Même si une marchandise peut toujours un peu « bouger » entre le départ station de conditionnement et la livraison plate-forme/magasin (problème de température, camion mixte, retard logistique, stockage plateforme,…), il y a tout de même un paradoxe chargé de méfiance à devoir rémunérer deux équipes qualité, à l’amont et en aval, ne se connaissant/côtoyant presque jamais, communiquant par mails interposés, et pour faire finalement le même travail à quelques heures d’intervalle. A part pour quelques enseignes britanniques qui ont du mal à intégrer que la Couronne ne règne plus sur le monde, et qui ont cru bon de réinventer l’eau chaude pour leur Earl Grey, ces équipes qualité utilisent théoriquement les mêmes outils/tests/indicateurs/grilles de lecture pour juger de la qualité d’un lot et de sa conformité aux spécifications enseigne. Et d’ailleurs, pourquoi bâtir des spécifications enseigne quand la seule normalisation est déjà plus complexe et aussi difficile à suivre qu’une interview de Houellebecq ? Et bien, c’est très simple , prenez le temps d’examiner quelques produits en rayon et vous comprendrez. Entre le pitufo de fraises d’Espagne ou Miss Camarosa planque plus de culs blancs dans le fond du plateau qu’un début juillet à trousse-chemise, les plateaux 2 rangs de pommes ou on mélange avec la 1 bis voire la 2, les mélanges de salade 4G 1er prix et MDD façon herbe à vache pour pouvoir faire toujours moins cher, les filets/girsacs de pomme de terre ou d’agrumes masquant et trichant sur la couleur de la maille… la production est très créative quand il s’agit d’en mettre un petit coup et certains produits sont aussi maquillés que Jane Fonda avant un shooting pour « Oldie but Goldie ».

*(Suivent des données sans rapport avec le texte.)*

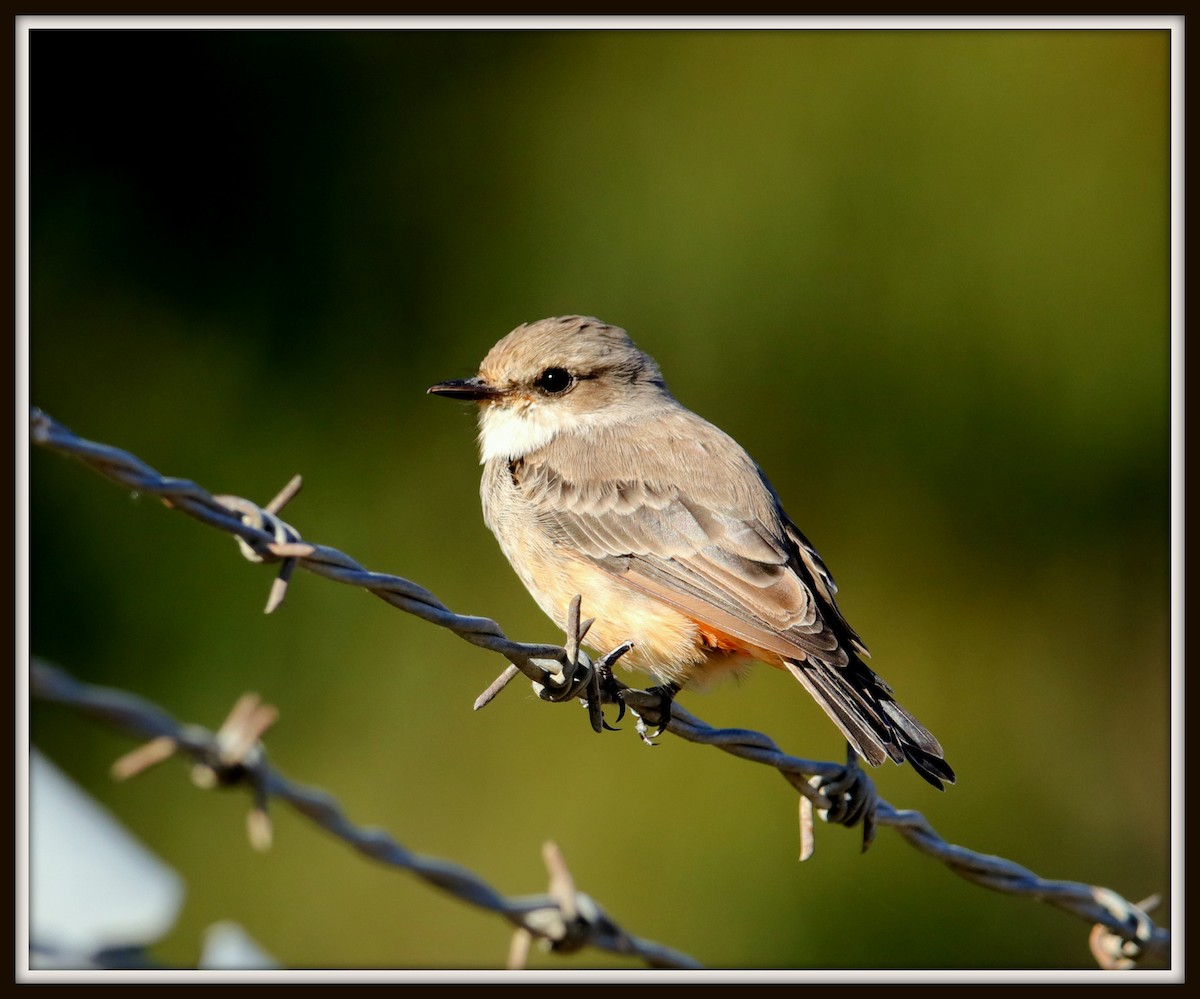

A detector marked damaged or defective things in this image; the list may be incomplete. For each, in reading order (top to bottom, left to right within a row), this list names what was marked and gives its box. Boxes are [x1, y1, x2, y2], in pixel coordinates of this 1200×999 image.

rusty wire [25, 405, 1171, 970]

Ici, le sempiternel « si on fait pas ça, on s’en sort pas et ça part à l’industrie » du pov’ petit producteur ne m’intéresse pas. Je souligne simplement le manque de confiance sous-tendant ce coûteux double contrôle. Il règne sur la Filière une ambiance type guerre des polices qui n’est profitable à personne…
2 – L’analyse cost +
Concernant la demande d’une majorité d’enseignes de recevoir avant, comme base préparatoire à la négo, les coûts de production décortiqués à la ligne, vous pensez que c’est pour le seul plaisir des acheteurs de plonger contraints et forcés dans la complexité d’un monde de la production qui n’est pas exactement le leur ou plutôt parcequ’ils n’ont plus confiance dans les éternelles jérémiades – tout augmente ma p’tite dame Michu ! – des piètres vendeurs de la production, toutes espèces confondues et quelle que soit la campagne ? Et tant pis s’ils ne comprennent pas vraiment les données tronquées fournies par la production, certains fournisseurs croyant malin d’ajouter de l’encre dans la bouteille, là encore, je note une absence de confiance. Personne ne demande à connaître le prix des ingrédients des plats à la carte d’un restaurant…

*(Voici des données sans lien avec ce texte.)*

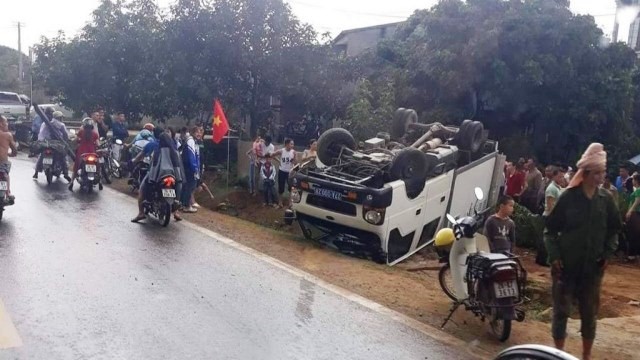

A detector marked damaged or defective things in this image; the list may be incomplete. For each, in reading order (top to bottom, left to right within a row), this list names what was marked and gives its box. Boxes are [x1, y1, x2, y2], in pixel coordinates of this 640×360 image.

3 – Tu m’as pas envoyé tes prévs !
Troisième et dernier exemple : les fameuses prévisions que j’entends depuis un quart de siècle les stations réclamer aux vendeurs, les vendeurs quémander aux acheteurs, les acheteurs tenter de glaner auprès des magasins (pour les enseignes d’intégrés au moins…), les Chefs de rayon interrogeant chaque responsable d’îlot… c’est vraiment pour mieux commander ou plutôt pour s’assurer que le destinataire d’un volume ne va pas disparaître des lignes d’appro au premier fax de dégagement dégainé par le Van Dijk de service écumant chaque semaine les quais des ports du Nord avec ses gagneuses ? Même si la prévision en question n’a aucune valeur juridique réelle, elle peut quand même servir, en l’absence de confiance établie, pour honorer la parole donnée (Arnauld, si tu nous lis, rappelle-toi, ça ne nous rajeunit pas, la promo de Victo…).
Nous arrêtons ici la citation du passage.